Task to complete. Wherever a line in the data below holds "Woonst", copy that line.

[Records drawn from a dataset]
══════

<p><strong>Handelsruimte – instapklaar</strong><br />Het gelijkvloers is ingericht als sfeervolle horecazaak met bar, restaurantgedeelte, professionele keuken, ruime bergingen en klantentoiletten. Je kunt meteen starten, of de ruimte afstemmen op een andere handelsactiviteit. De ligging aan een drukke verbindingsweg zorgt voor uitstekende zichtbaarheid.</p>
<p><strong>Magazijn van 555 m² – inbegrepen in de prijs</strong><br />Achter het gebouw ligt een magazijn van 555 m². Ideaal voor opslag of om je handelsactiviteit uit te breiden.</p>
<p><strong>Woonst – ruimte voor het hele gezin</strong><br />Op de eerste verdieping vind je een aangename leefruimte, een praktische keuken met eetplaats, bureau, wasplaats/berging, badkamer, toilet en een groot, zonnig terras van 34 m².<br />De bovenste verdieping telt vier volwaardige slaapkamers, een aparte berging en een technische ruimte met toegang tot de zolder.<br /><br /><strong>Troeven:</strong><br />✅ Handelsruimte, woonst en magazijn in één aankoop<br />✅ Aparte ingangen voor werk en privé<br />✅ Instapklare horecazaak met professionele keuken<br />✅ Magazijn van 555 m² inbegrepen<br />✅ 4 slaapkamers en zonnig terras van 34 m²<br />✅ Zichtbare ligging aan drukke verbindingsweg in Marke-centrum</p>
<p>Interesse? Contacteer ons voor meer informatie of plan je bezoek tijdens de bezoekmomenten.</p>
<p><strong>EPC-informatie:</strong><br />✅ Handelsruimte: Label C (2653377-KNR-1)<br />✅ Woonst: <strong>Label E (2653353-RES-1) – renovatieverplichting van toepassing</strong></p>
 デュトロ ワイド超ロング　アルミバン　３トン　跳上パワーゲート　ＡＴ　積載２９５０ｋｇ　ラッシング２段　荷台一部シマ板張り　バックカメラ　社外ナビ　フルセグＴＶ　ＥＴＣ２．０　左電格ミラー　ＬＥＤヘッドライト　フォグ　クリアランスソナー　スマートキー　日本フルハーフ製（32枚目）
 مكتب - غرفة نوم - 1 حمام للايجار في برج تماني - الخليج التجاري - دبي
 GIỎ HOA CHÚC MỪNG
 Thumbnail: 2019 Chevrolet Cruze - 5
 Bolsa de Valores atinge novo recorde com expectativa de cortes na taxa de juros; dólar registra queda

══════

Your response.
<p><strong>Woonst – ruimte voor het hele gezin</strong><br />Op de eerste verdieping vind je een aangename leefruimte, een praktische keuken met eetplaats, bureau, wasplaats/berging, badkamer, toilet en een groot, zonnig terras van 34 m².<br />De bovenste verdieping telt vier volwaardige slaapkamers, een aparte berging en een technische ruimte met toegang tot de zolder.<br /><br /><strong>Troeven:</strong><br />✅ Handelsruimte, woonst en magazijn in één aankoop<br />✅ Aparte ingangen voor werk en privé<br />✅ Instapklare horecazaak met professionele keuken<br />✅ Magazijn van 555 m² inbegrepen<br />✅ 4 slaapkamers en zonnig terras van 34 m²<br />✅ Zichtbare ligging aan drukke verbindingsweg in Marke-centrum</p>
<p><strong>EPC-informatie:</strong><br />✅ Handelsruimte: Label C (2653377-KNR-1)<br />✅ Woonst: <strong>Label E (2653353-RES-1) – renovatieverplichting van toepassing</strong></p>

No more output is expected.